Street Art City Walks: Berlin

Berlin street art

Street art in Berlin began with the Berlin Wall. It quickly became a place for artists to express their ideas and frustrations and to deal with the controversy they faced. Today, this feeling of artistic honesty still prevails. Hard-hitting messages and striking images live on every corner.

As you make your way around the city, look out for iconic Berlin signatures: the tags of Berlin’s largest street art crew, 1UP; El Bocho’s apolitical paste-ups; SOBR’s black and white ravers dancing beside doorways; the Street Yogi’s cork figurines posing on top of walls; and Alias’ strategically-placed stencils of young boys that blend into city life.

Due to the spread of the murals around the city, this walking tour could take upwards of 5 hours to complete.

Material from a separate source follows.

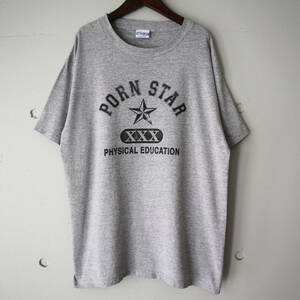 [USA製]90s Porn Star Tシャツ L ポーンスター Old Skate オールドスケートT ストリート ヴィンテージ エロT プリントT カレッジ 古着 80s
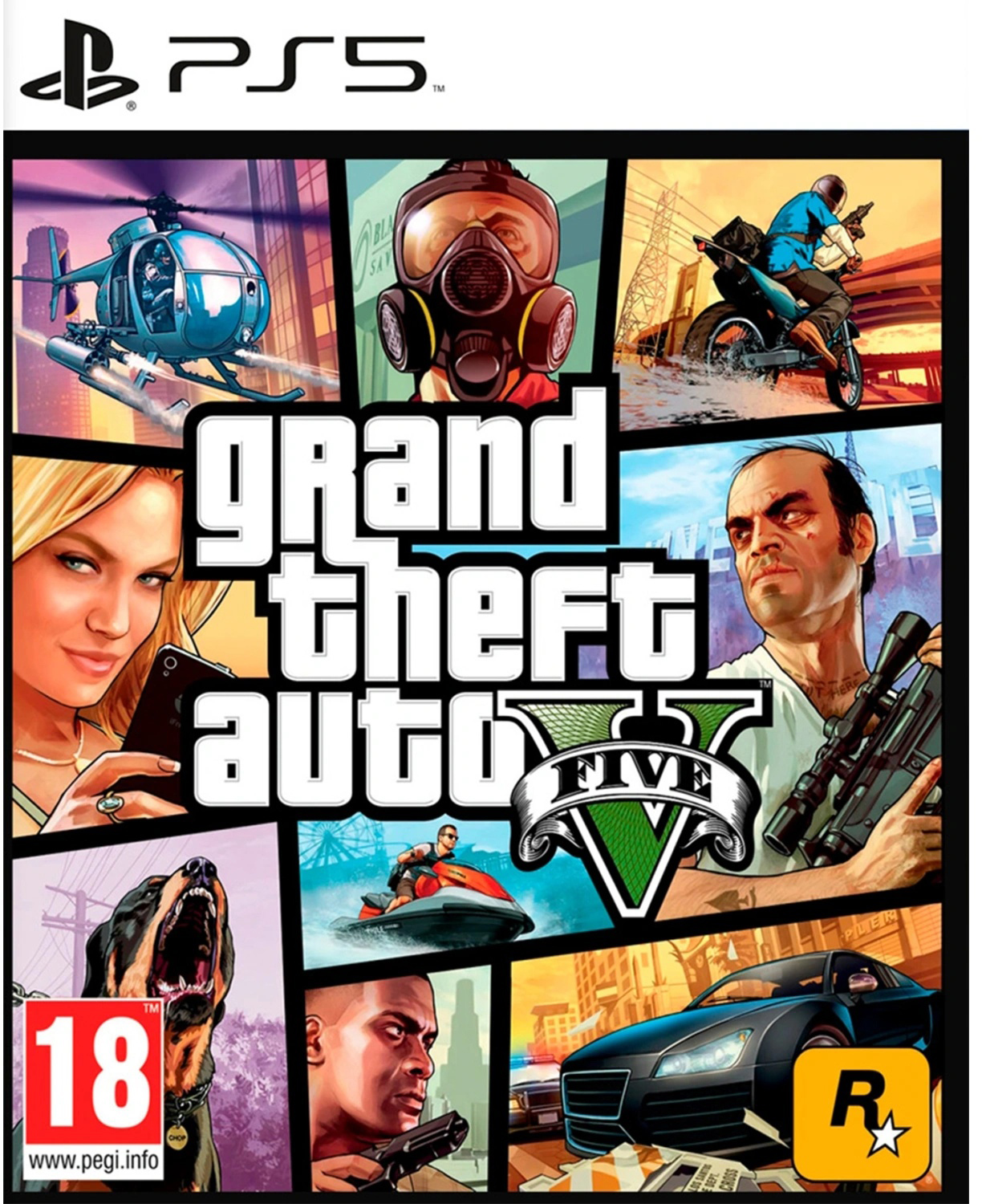 Rockstar Games Grand Theft Auto GTA V (Русские субтитры ) (PS5) (черный)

We recommend taking your time, enjoying the views, and uncovering the history of the city as you go.

Spotlight Artists

Victor Ash

Responsible for one of the city’s most memorable pieces, Ash gets much of his inspiration for his stencil work from space, but often uses his art to comment on issues affecting Berlin’s youth.


An artist who doesn’t try to keep the political commentary out of his work; his murals tackle social issues head on and provide plenty of food for thought.


A paste-up artist whose large-scale artworks break the mould of his chosen form. His particular interest in the plight of the individual gives his work a very moving quality.

Dmitir Vrubel

The creator of the Fraternal Kiss, perhaps the most iconic piece of artwork in Berlin.


An artist unafraid to deal with themes of death and decay, his work is often arresting in its gruesome detail.



Begin on the East side of the river, on Heinrich-Heine-Strasse. You’ll start with two contrasting pieces: Case McClaim’s signing hands and a colourful instalment in Various and Gould’s Face Time series.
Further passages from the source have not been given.